Economically, look at two things:  the money supply and the Fed balance sheet. There are several competing and overlapping concepts of what a nation’s “money supply“ is. For this purpose, I will refer to the “monetary base” of the United States, which the St Louis Fed tells usis the sum of currency (including coin) in circulation outside Federal Reserve Banks and the U.S. Treasury, plus deposits held by depository institutions at Federal Reserve Banks” and with a reasonable degree of accuracy captures the money everyone in the economy owns at a given time; presently it’s approximately $2.6T, according again to the St Louis Fed.  So the injection of $1T in new money into the economy through Treasury spending over the course of the year, without some action to offset that, would increase the monetary base by about 38%, which is a dramatic increase likely to produce inflation in some amount. 

Now the response to this is obvious: It doesn’t go into the monetary base and the economy all at once, but only as it is disbursed over a year and Treasury is supposed to disburse that money over the year anyway, because it’s Federal spending in the normal course, so it’s not per se inflationary. It’s just a question of how you manage its injection over the course of the year and what steps you take to withdraw a more or less comparable amount of money from the economy over the same time; and, since the supply of new Treasuries will be far below the demand that is customarily present, the Fed can sell old Treasuries from its balance sheet to meet that demand and you wind up in the same place.

So we turn to the Fed’s balance sheet to see how this is so.
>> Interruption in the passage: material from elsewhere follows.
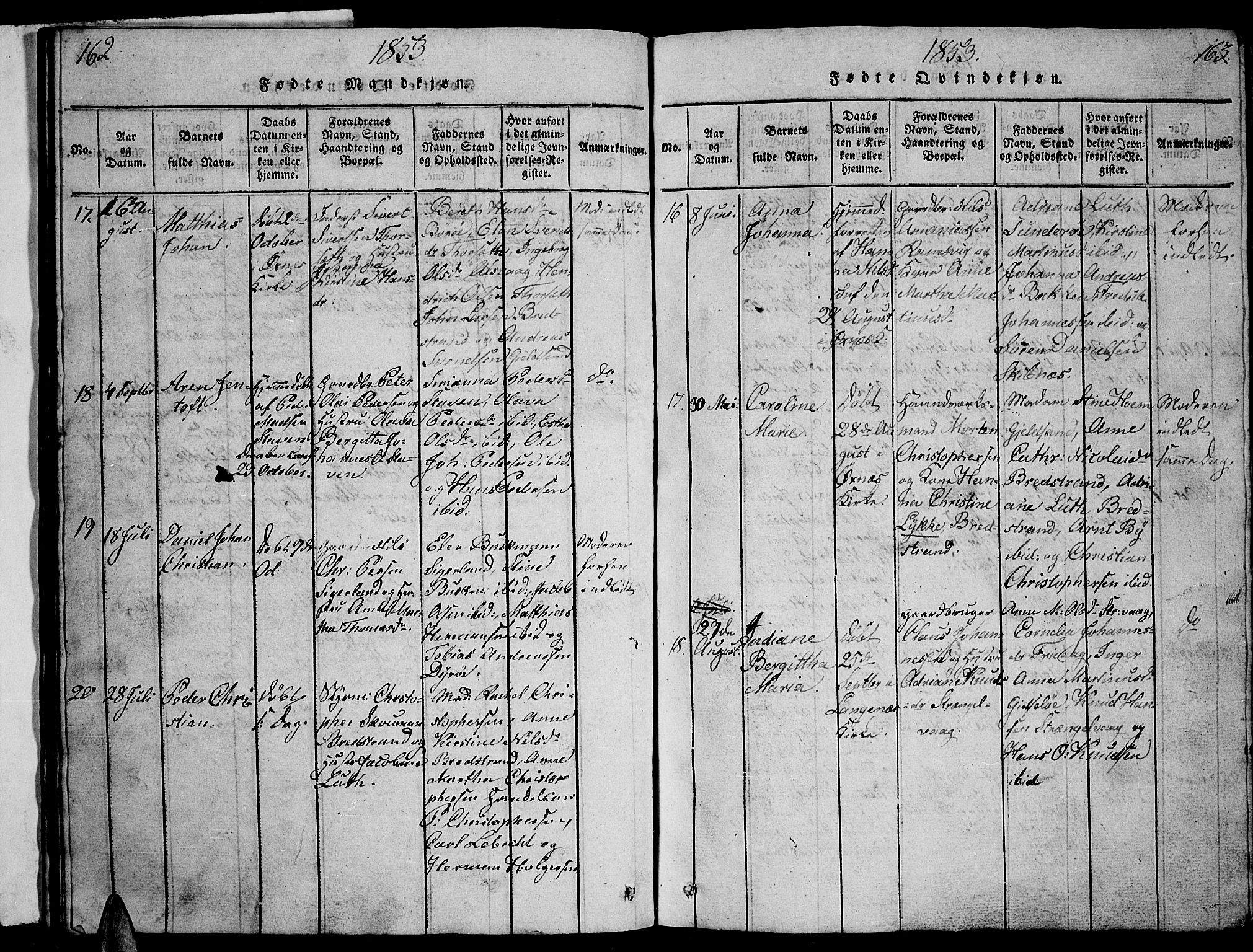 Ministerialprotokoller, klokkerbøker og fødselsregistre - Nordland, AV/SAT-A-1459/893/L1346: Parish register (copy) no. 893C01, 1820-1858, p. 162-163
The Fed published its consolidated balance sheet weekly and you can see the latest one at Item 8 on this webpage.  It shows the Fed has $2.9T in total assets, of which $1.68T are Treasuries.  So it is true – for one year and some portion of a second – that the Fed could offset the monetization of the $1T Coin.  But the strategy would either become outright inflationary in the second year or have to be abandoned, with the political process reverting to the standoff / technical default risk that exists today. However, I think it is reasonable to predict that, as the market realized the Fed’s supply of Treasuries would be exhausted in the second year, rates would rise and the value of Treasuries would fall on account of the expectations of either default from an end to the gambit or inflation on account of continued use of the gambit without any means to offset the monetization of the deficit. 

So based on these reasons, I think the Fed would have a sound basis to decline to cooperate with Treasury in the $1T Coin gambit.  The Fed would say in effect, it can’t work for more than a year; we’ll all be back here in a worse position; we’re not going to compromise our independence and if we did it would have detrimental long term effects on the soundness of our currency; and we are legally within our rights to decline to do so and in deed we may be prohibited from doing this.  In recall that in 2011 when the debt ceiling was then at issue, Ron Paul called on the Fed to solve it by destroying the Treasuries it held, thereby reducing the amount outstanding by the amount destroyed.  I don't recall anyone thinking the Fed would take his advice, which isn't that much different in principle than the $1T Coin gambit.  

I am inclined to think a sensible administration would take this into account and not go down such a road in the first place, notwithstanding the way its allies in the blogosphere are pounding the drum for it.